L’ONU : « L’esclavage moderne » exacerbé par les crises

En publiant son rapport sur l’esclavage moderne, l’Organisation internationale du travail des Nations unies a annoncé que le nombre de personnes contraintes de travailler ou de se marier contre leur gré a augmenté ces dernières années pour atteindre près de 50 millions chaque jour.

Des crises telles que la pandémie de COVID-19, les conflits armés et le changement climatique ont entraîné une perturbation sans précédent de l’emploi et de l’éducation tout en exacerbant l’extrême pauvreté et la migration forcée, a ajouté l’agence.

Par rapport au dernier recensement publié en 2016, le nombre de personnes en esclavage moderne a augmenté de 9,3 millions.

Selon les derniers chiffres, le travail forcé représente 27,6 millions de personnes en esclavage moderne en 2021, dont plus de 3,3 millions d’enfants, tandis que le mariage forcé représente 22 millions.

L’Organisation internationale du travail a constaté que plus de la moitié de tous les cas de travail forcé se produisaient dans des pays à revenu intermédiaire supérieur ou à revenu élevé, les travailleurs migrants étant plus de trois fois plus susceptibles d’être touchés.

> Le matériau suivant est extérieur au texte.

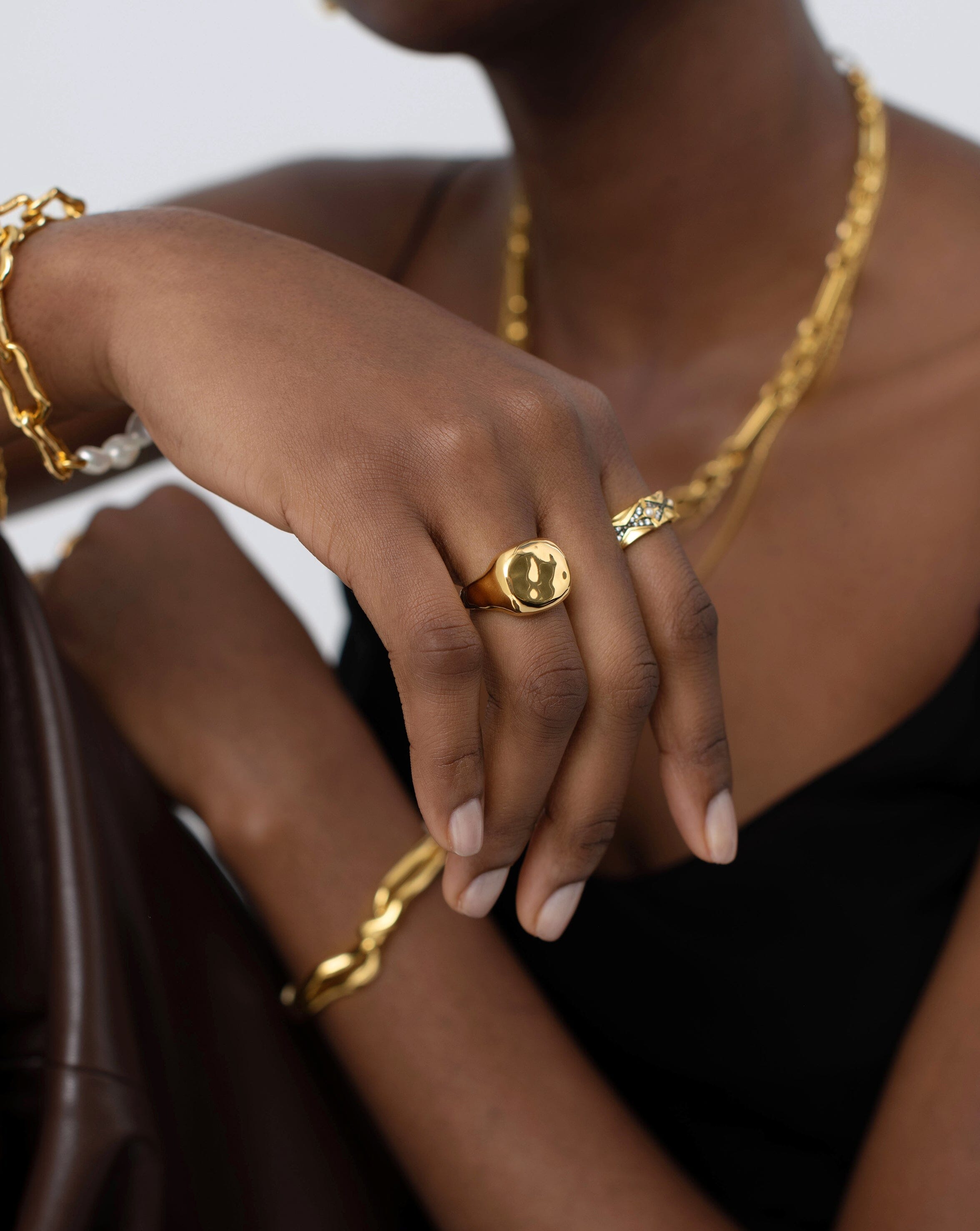 Molten Engravable Signet Ring | 18ct Gold Plated Rings Missoma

Le rapport cite le Qatar, qui fait face à de nombreuses allégations de violations des droits du travail impliquant des migrants qui y travaillent à l’approche de la Coupe du monde de football, qui commence en novembre.

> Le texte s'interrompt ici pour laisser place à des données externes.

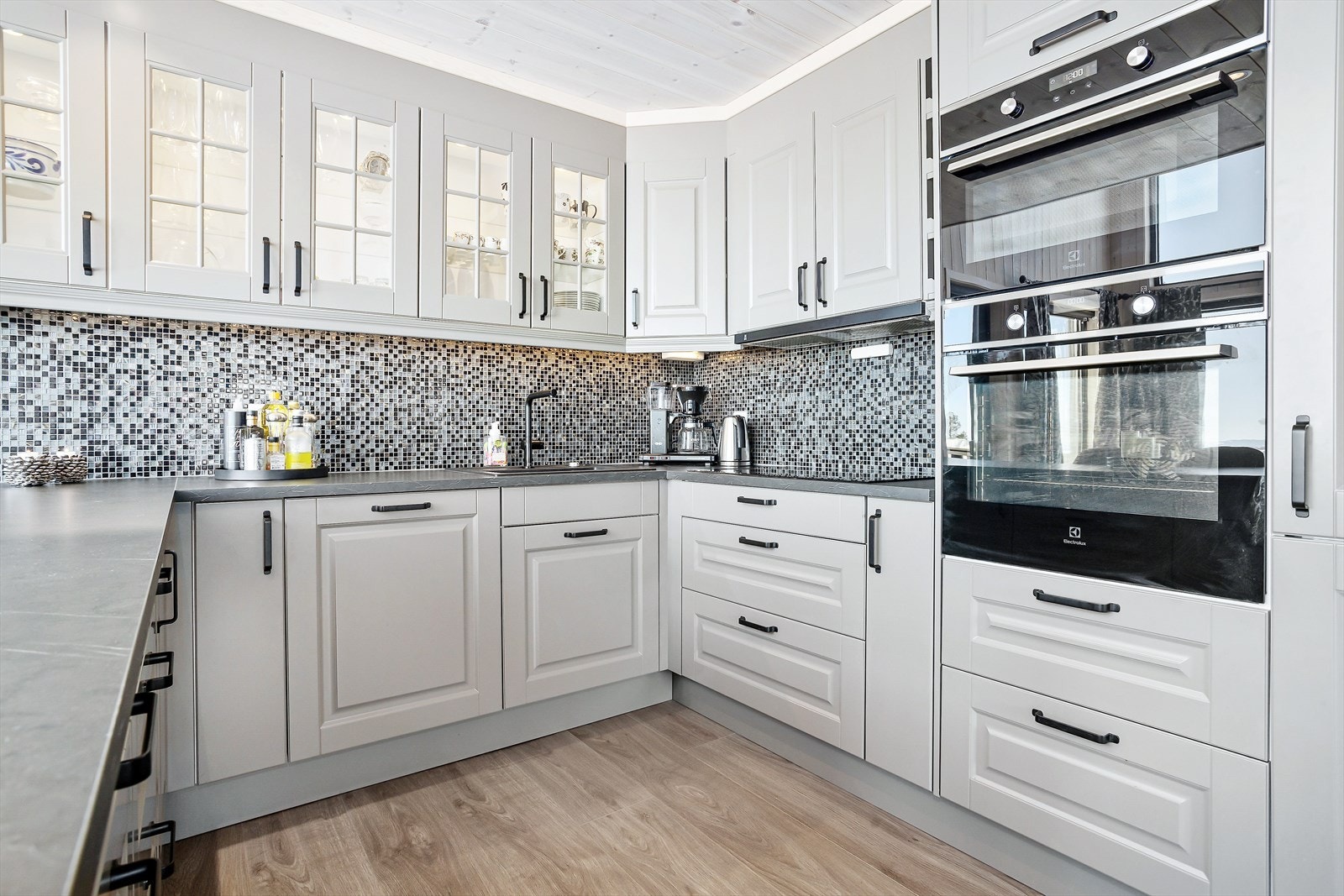 - Kjøkkenet har integrerte hvitevarer med platetopp, stekeovn, mikro-ovn, oppvaskmaskin og kjølfrys skap - Galleribilde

Mais le rapport indique que depuis que l’OIT a ouvert un bureau à Doha en avril 2018, il y a eu des « progrès significatifs » concernant les conditions de vie et de travail de centaines de milliers de travailleurs migrants dans le pays, alors même que des problèmes persistent dans la mise en œuvre de la nouvelle loi du travail.

Nasser Al-Khater, PDG de la Coupe du monde 2022, a déclaré jeudi dernier que le Qatar avait fait face à de nombreuses critiques injustes et infondées pour avoir accueilli la Coupe du monde, mais a répondu à toute critique juste.

Le rapport de l’OIT fait également état de préoccupations concernant le travail forcé dans certaines parties de la Chine.

Il a fait référence à un rapport publié par le Haut-Commissariat des Nations Unies aux droits de l’homme le 31 août, dans lequel il a déclaré que de « graves violations des droits de l’homme » avaient été commises en Chine et que la détention de Ouïghours et d’autres musulmans au Xinjiang pouvait constituer des crimes contre humanité.